Но так же, как и его младшие современники (Брюсов, Блок, Белый), опередившие его своими литературными выступлениями, он был внимательнейшим читателем великих русских прозаиков - Гоголя, Достоевского, Тургенева, Л. Толстого, Чехова и русских поэтов всего XIX века - от Пушкина и Лермонтова до Полонского, А. К. Толстого, Майкова. Все они стали героями его "Книг отражений" и более ранних критических опытов. От психологической прозы он унаследовал стремление проникать в глубину сложных, часто трудно уловимых душевных состояний. От прозаиков и поэтов прошлого к нему перешло уважение и сострадание к человеку, пристальное внимание к образам природы и к русскому слову во всех его красках и оттенках. Вместе с тем Анненский зорко и заинтересованно следил за деятельностью своих современников-поэтов в России и глубоко знакомился с западноевропейской поэзией.
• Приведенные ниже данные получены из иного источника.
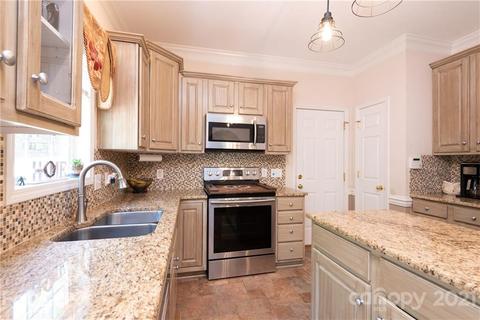 5649 Crown Ter, Hickory, NC 28601 photo 14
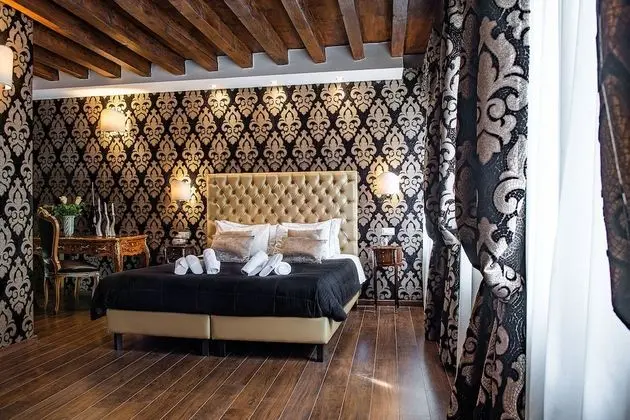 Superior Üç Kişilik Oda, Kanal Manzaralı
О годах, когда проходило накопление этого литературного опыта, скажет потом стихотворение:
Развившись, волос поредел.
Когда я молод был,
За стольких жить мой ум хотел,
Что сам я жить забыл.
("Развившись, волос поредел...")
Накопленный литературный опыт послужил источником и стимулом отнюдь не для заимствований и подражаний, а для творчества глубоко самостоятельного. В оригинальных стихах Анненского (зрелой поры) нет следов "навеянности", если не считать двух-трех мимолетных, хотя, конечно, не случайных словесно-образных реминисценций из Достоевского {В стихотворениях "Тоска медленных капель", "Петербург", "Который?". См.: Ашимбаева Н. Т. Достоевский - в критической прозе Анненского // Вестник Ленингр. университета. 1985, Э 9. История, язык, литература, вып. 2. С. 43.} или вполне сознательных откликов на русскую романсно-песенную традицию в стихотворениях "На воде", "Молот и искры", "Романс без музыки", "Осенний романс" и некоторых других.
Анненский, хотя долго и не замечаемый, вошел в литературу как вполне сложившийся художник и мыслитель, своей образованностью ни в чем не уступавший таким поэтам-эрудитам, как Брюсов или Вяч. Иванов, и стоявший на том высоком уровне культуры, которого достигла русская поэзия 1900-х годов. И когда в самом конце своей жизни он сблизился с литераторами, группировавшимися вокруг редакции "Аполлона", он занял среди них положение метра.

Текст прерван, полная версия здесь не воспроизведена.